SALT Galata'daki "O Zamanlar Konuşuyorduk" sergisinde 90'lı yıllarda Türkiye'de düzenlenen üç serginin hikâyesi değerlendiriliyor.
SALT Galata, “O Zamanlar Konuşuyorduk” adlı ikinci “Açık Arşiv” projesinde, 90’lı yılların ilk yarısında Türkiye’de düzenlenen “Elli Numara/Anı Bellek II”, “GAR” ve “Küreselleşme- Devlet, Sefalet, Şiddet” sergilerinin hikâyeleri, dönemin belgeleri aracılığıyla yeniden değerlendiriliyor. Sezin Romi’nin proje sorumluluğunu üstlendiği sergi, dönemin sanatçılarının işbirliği ve fikir paylaşımı ile başlattığı, kurumsallaşmamış, beklentisiz sanat ortamını günümüze taşıyor.
“O Zamanlar Konuşuyorduk” sergisi, adından da anlaşılacağı gibi sanatın bir “konuşma biçimi” olduğunun altını çiziyor. Buradan yola çıkarak bugünün sanat ortamına eleştirel bir bakış getirilmesi ise söz konusu değil, “Zamanın ruhu” diyor Sezin Romi, “o zamanlar öyleydi.”
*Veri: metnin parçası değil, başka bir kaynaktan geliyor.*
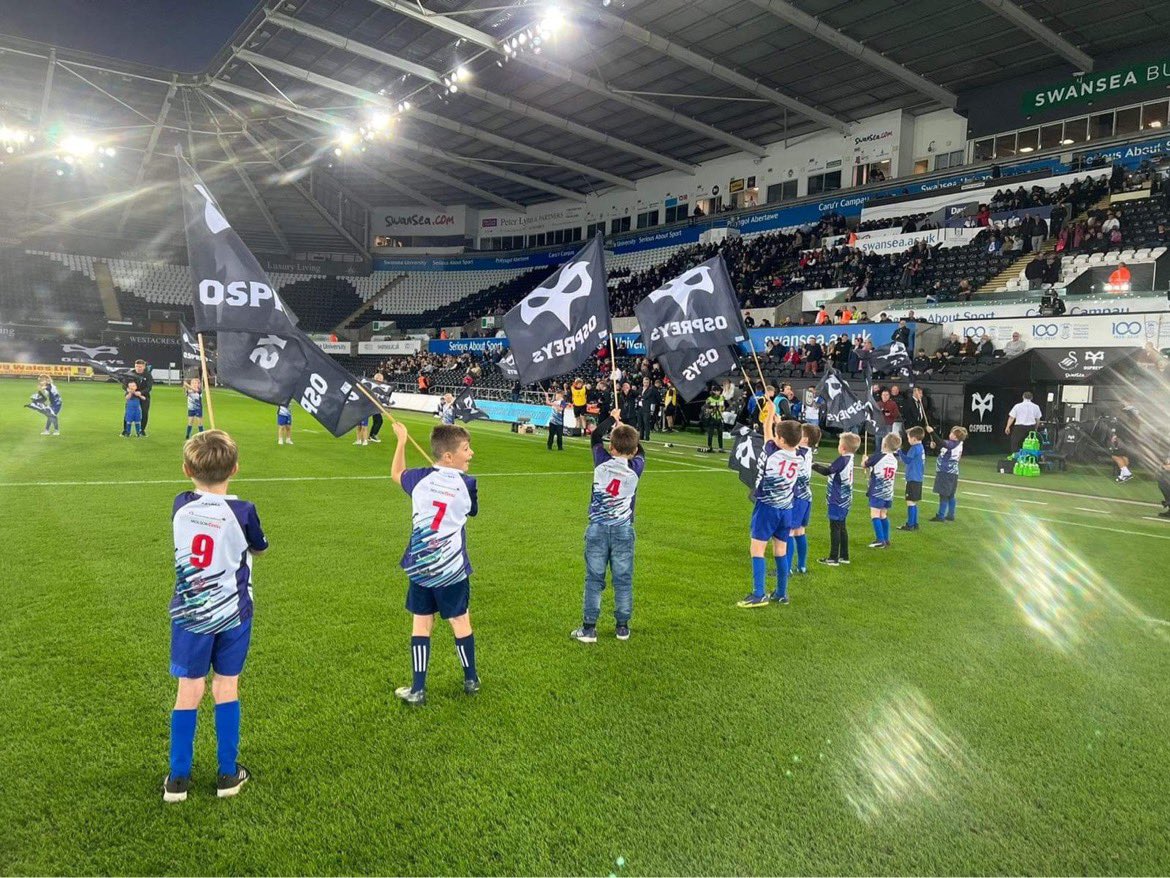 HYC_MJ's tweet photo. Nice to see the Cyw M&amp;Js at the ospreys guard of honour.  #upacyw https://t.co/N5XP15Srfy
Sezin Romi, “Elli Numara/Anı Bellek II” sergisinin hikâyesini anlatarak başlıyor:
“1993 yılında, Vasıf Kortun küratörlüğünde Akaretler 50 numaralı binada düzenlenen sergi, Atatürk portresi, kara tahta gibi Cumhuriyet mitlerini ele alıyordu. Emre Zeytinoğlu, Eliza Proctor gibi isimlerin, sanat ile siyaset ilişkisini ele aldığı serginin afişinin üzerine, Demok-rat Partililerce, 14 Mayıs Demokrasi Bayramı’nda partinin afişi asılması nedeniyle sergi, düzenleyiciler ve sanatçıları tarafından sergi planlanandan önce kapatılmıştı.”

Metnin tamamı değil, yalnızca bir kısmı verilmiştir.